If some doting Mama gave him trouble about impounding her darling tail-wagger, he was, he decided, in the right kind of mood to get a warrant and turn the job over to the sheriff.

The gasping neutroid lay on the examining table under the glaring light. The torso quivered and twitched as muscles contracted spasmodically, but the short legs were already limp and paralyzed, allowing the chubby man in the white coat to lift them easily by the ankles and retrieve the rectal thermometer. The neutroid wheezed and chattered plaintively as the nurse drew the blanket across its small body again.

“A hundred and nine,” grunted the chubby man, his voice muffled by the gauze mask. His eyes probed the nurse’s eyes for a moment. He jerked his head toward the door. “She still out there?”

The nurse nodded.

The doctor stared absently at the thermometer stem for a moment, looked up again, spoke quietly. “Get a hypo—necrofine.”

She turned toward the sterilizer, paused briefly. “Three c.c.s?” she asked.

“Twelve,” he corrected.

Their eyes locked with his for several seconds; then she nodded and went to the sterilizer.

“May I leave first?” she asked tonelessly while filling the syringe.

“Certainly.”

“What’ll I say to Mrs. Glubbes?” She crossed to the table again and handed him the hypo.

“Nothing. Use the back way. Go tell Fred to run over to the kennels and pick up the substitute. I’ve called Mrs. Norris. Oh yeah, and tell Fred to stop in here first. I’ll have something for him to take out.”

The nurse glanced down at the squirming, whimpering newt, shivered slightly, and left the room. When the door closed, Georges bent over the table with the hypo. When the door opened again, Georges looked up to see his son looking in.

“Take this along,” he grunted, and handed Fred the bundle wrapped in newspapers.

“What’ll I do with it?” the youth asked.

“Chuck it in Norris’s incinerator.”

Fred glanced at the empty examining table and nodded indifferently. “Can Miss Laskell come back now?” he asked in going.

“Tell her yeah. And hurry with that other neut.”

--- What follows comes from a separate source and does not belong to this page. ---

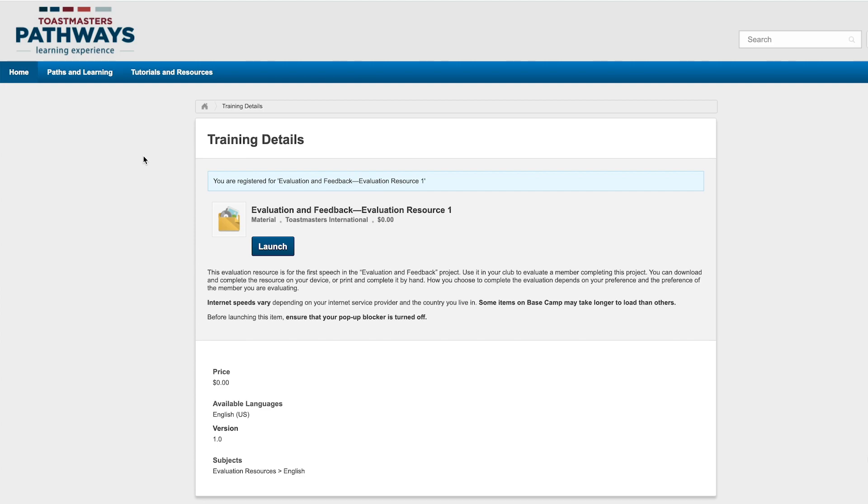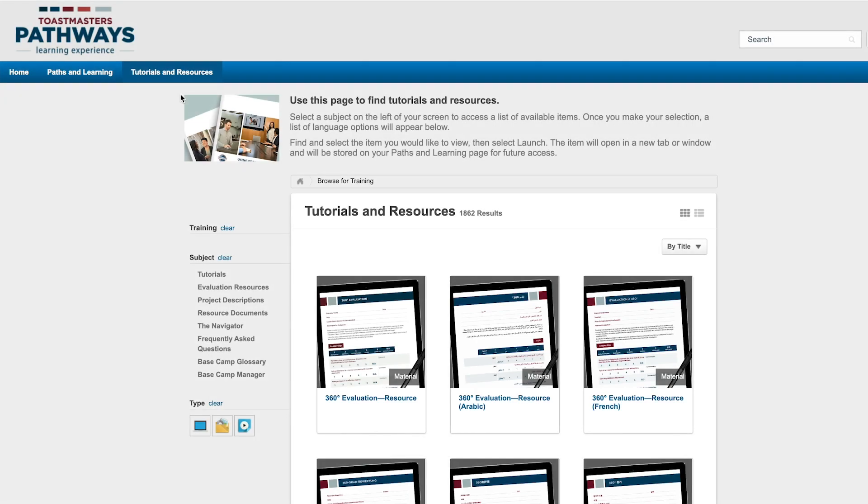And one last tip. You can also get evaluation resources from the Tutorials and Resources page. On this page, you'll find them in all languages available on Basecamp.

“Sure, Pop. See you later.”

The nurse looked in uncertainly before entering.

“Get cleaned up,” he told her. “And go sit with Mrs. Glubbes.”

“What’ll I say?”

“The ‘baby’ will recover. She can take it home late this afternoon if she gets some rest first.”

“What’re you going to do?—about the substitute.”

“Give it a shot to put it to sleep, give her some codeine to feed it.”